Leadership on Guns

With commendable leadership and urgency, Gov. Cuomo and legislators from both parties have seized the initiative on gun control, drafting legislation designed to crack down on ownership of assault weapons and keep firearms out of the hands of the mentally ill.

If only Washington could act so decisively.

Mr. Cuomo proposed the measures in his State of the State speech in early January, and the State Senate passed the bills by an overwhelming vote, 43-18, on the first day of the new legislative session. A vote in the Assembly, where the bill enjoyed similarly warm support, was scheduled for Jan. 15. With the Senate’s action, New York became the first state to tackle meaningful gun legislation since the slaughter of the innocents in Newtown, Conn., a month ago.

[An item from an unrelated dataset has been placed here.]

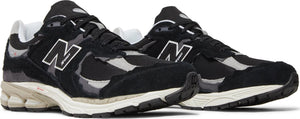 Double Boxed  374.99 Copy of New Balance 2002R Protection Pack Dark Navy Blue Double Boxed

The bill is the legislative articulation of Mr. Cuomo’s impassioned argument against handheld weapons of mass destruction in his annual address to the Legislature on Jan. 9. The governor noted that once upon a time, the Empire State was a national leader in gun control thanks to Sullivan’s Law, written by Tammany Hall’s “Big Tim” Sullivan. “No man knows more about [gun violence] than I do,” said Sullivan when he introduced his bill in 1911. “You must take my word … that I know what I am doing.”

Sullivan, who lived in the tough parts of town—the Five Points and the Bowery—certainly did know what he was doing. His bill, which made it a felony to possess a weapon illegally, remains on the books and was a model for later gun-control legislation.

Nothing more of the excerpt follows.